Protest graffiti is about disturbing the silence
This is a response to Winna Vista’s letter, “Vandalism wastes gov’t money” (11/20/19).
In her letter, Vista expressed agreement with Manila Mayor Isko Moreno, who threatened to make the members of the cultural youth group Panday Sining lick their graffiti on the walls of the Lagusnilad underpass and other public spaces “because it costs a lot of money to clean and repaint those areas.”
Strangely enough, some of our countrymen—especially the middle class—see the costs of repainting walls but not the human costs of the government’s war on drugs and crackdown against unarmed activists. What is the good of being decent when we see only what we want to see, or hear what we only want to hear? People are getting killed without due process and workers are being jailed for merely asserting their rights, while the Duterte administration is selling out the country’s sovereignty to China. Yet we choose to focus our attention on Panday Sining’s graffiti act itself, rather than the message it is trying to convey? Why can we tolerate spray-painted signs like “bawal ang umihi dito” but not political slogans that expose government injustice?

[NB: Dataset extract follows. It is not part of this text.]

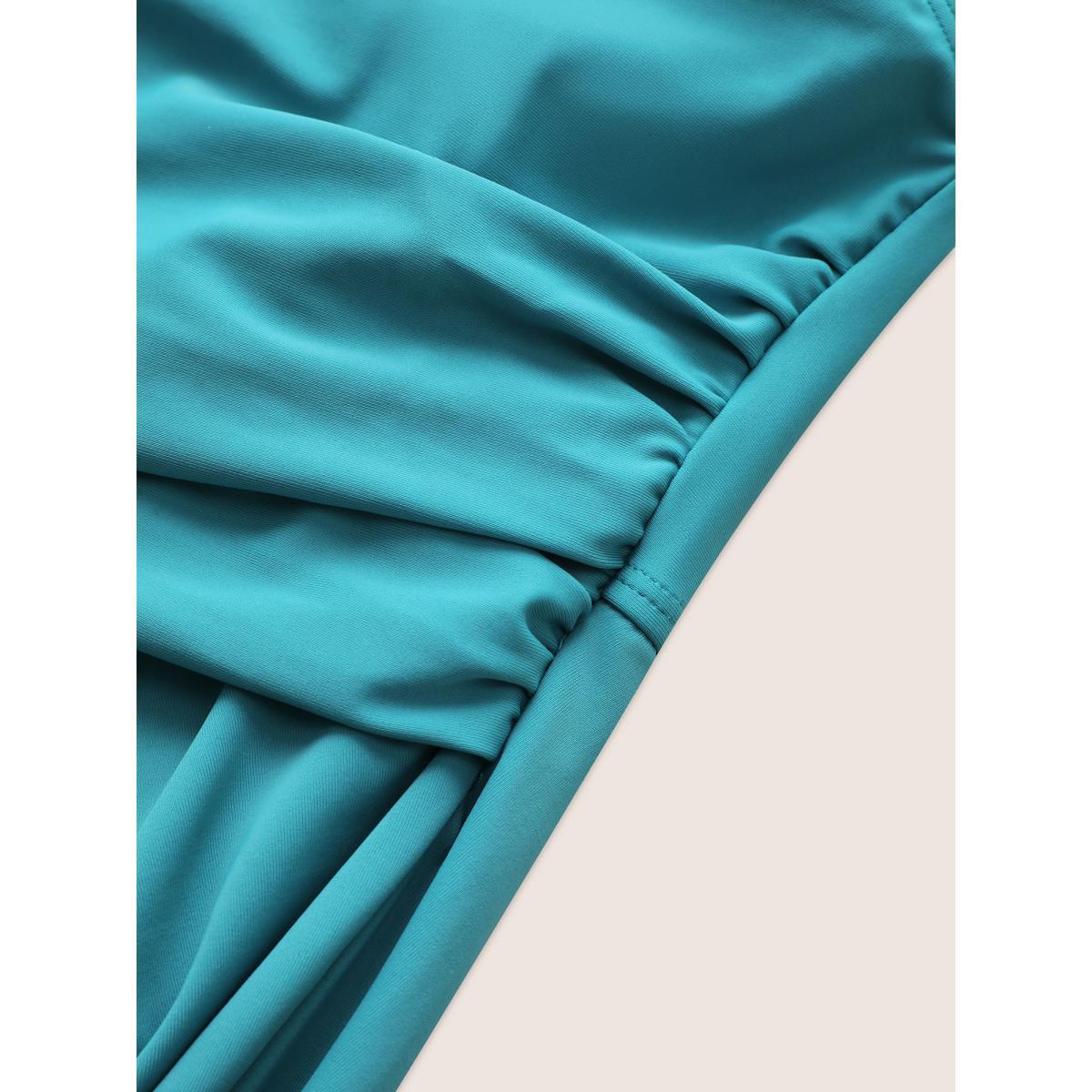 Plus Size Plain Crossover Gathered Detail Swim Dress Women's Swimwear Teal Beach Bodycon Heart neckline High stretch Curve Swim Dresses BloomChic 18-20/2X Product Image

“Will it be acceptable if people spray-paint the walls in UP (University of the Philippines)? Will it be the right thing?” asked Vista. I did not study at UP, but I don’t think its administration would react in the same manner that Moreno did, but would rather respond accordingly. Besides, UP is no stranger to “vandalism.” Last March, UP Cebu’s facade was spray-painted with the words “SALOT” and “CPP-NPA,” obviously Red-tagging the UP community. Not only was such graffiti malicious, it also endangered the university constituents by making them target of harassment or persecution. Unfortunately, the incident did not attract much media attention.
True, spraying paint on walls is not the answer to change, but it sure is an effective way to register protest, especially when the democratic spaces are being compromised by the state. We should not be fooled by the rhetoric of traditional politicians and bureaucrats equating blind obedience with good citizenship. In fact, we should be grateful to the progressive youth artists for—in the words of Paul Simon— daring to “disturb the sound of silence.”